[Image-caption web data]
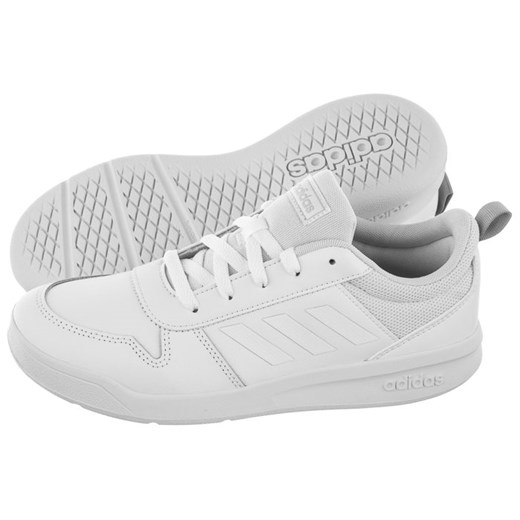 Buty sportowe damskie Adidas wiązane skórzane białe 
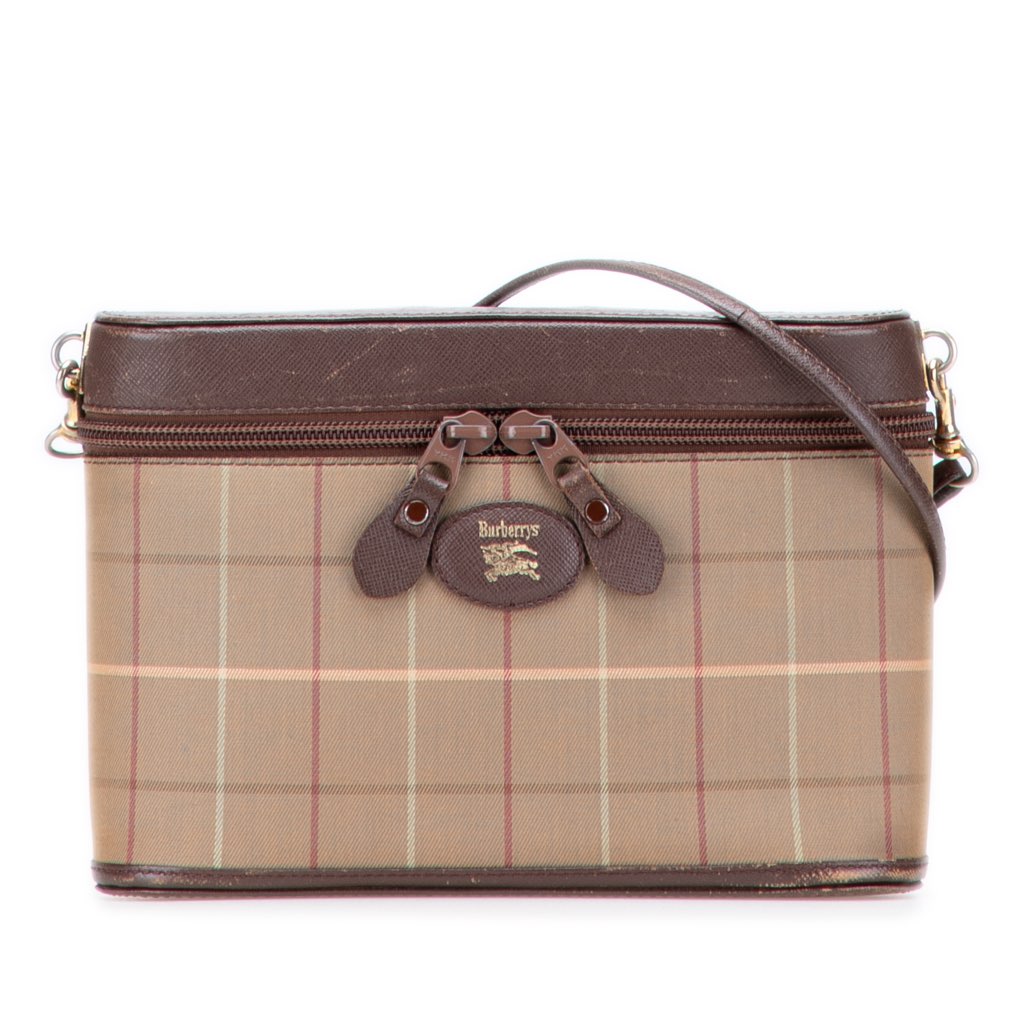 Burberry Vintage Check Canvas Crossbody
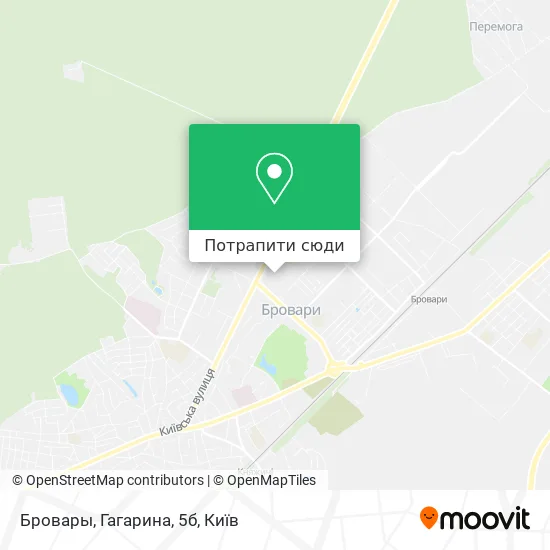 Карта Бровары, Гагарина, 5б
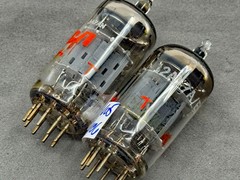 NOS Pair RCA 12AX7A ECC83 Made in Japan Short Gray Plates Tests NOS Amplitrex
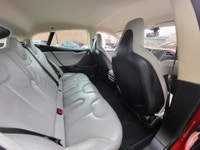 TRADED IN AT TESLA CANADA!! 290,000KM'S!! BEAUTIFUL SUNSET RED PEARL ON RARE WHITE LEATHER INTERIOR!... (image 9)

→ EXERCISE:
Restate the records above in full and word for word, but do not carry over any pictures.

→ RESPONSE TO THIS EXERCISE:
 Buty sportowe damskie Adidas wiązane skórzane białe 
 Burberry Vintage Check Canvas Crossbody
 Карта Бровары, Гагарина, 5б
 NOS Pair RCA 12AX7A ECC83 Made in Japan Short Gray Plates Tests NOS Amplitrex
 TRADED IN AT TESLA CANADA!! 290,000KM'S!! BEAUTIFUL SUNSET RED PEARL ON RARE WHITE LEATHER INTERIOR!... (image 9)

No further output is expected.